Hay momentos en los que el pensamiento se detiene. No por falta de ideas, sino porque algo —una atmósfera, una consigna tácita, una exigencia no dicha— lo suspende. A eso se le llama, con suavidad, una interrupción.

En El Maestro y Margarita, el autor Mijaíl Bulgákov retrata una ciudad que se transforma sin que nadie dé una orden.

Moscú no cae por decreto ni por revolución.

Cambia porque la atmósfera cambia.

La llegada de un personaje enigmático, elegante, con modales irreprochables, basta para alterar el orden sin tocarlo.

No impone nada, pero todos comienzan a ceder.

Los escritores abandonan sus manuscritos.

Los actores ensayan otras obras.

Los periódicos omiten ciertas líneas.

No hay prohibición, pero tampoco hay duda.

Es más cómodo adaptarse.

Mijaíl Bulgákov no escribió una fantasía: escribió una advertencia.

La más peligrosa forma de control no es la que prohíbe, sino la que convence.

La que convierte la pausa en disciplina.

La que disfraza el silencio de normalidad.

En ciertos momentos, lo mismo ocurre fuera de la ficción.

No hay instrucciones explícitas, pero hay prioridades que se reordenan.

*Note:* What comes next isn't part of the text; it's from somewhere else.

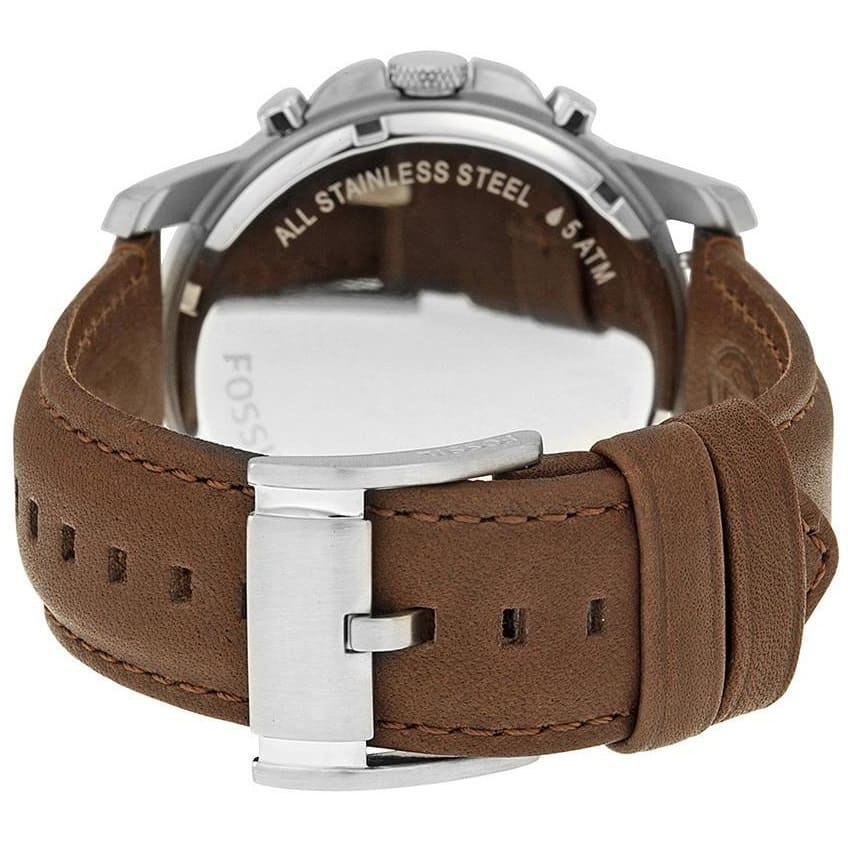 Fossil Grant FS4813 44mm Men’s Chronograph Watch – Black Dial & Brown Genuine Leather Strap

Temas relevantes quedan en espera.

Análisis profundos ceden su lugar a lo inmediato.

El criterio se difumina bajo la lógica de lo oportuno.

Y con el tiempo, esa lógica se vuelve costumbre.

Decía Carlos Castillo Peraza que un partido sin pensamiento no es una organización política, sino una estructura mecánica.

Que “la política sin principios es sólo administración de intereses”.

Que la democracia no puede construirse solo con presencia: necesita conciencia.

Cuando se interrumpe el pensamiento, algo más que una columna se queda en pausa.

Porque todo lo que no se escribe, si se repite lo suficiente, comienza a parecer innecesario.

Y, sin embargo, como escribió Bulgákov: “Los manuscritos no arden.”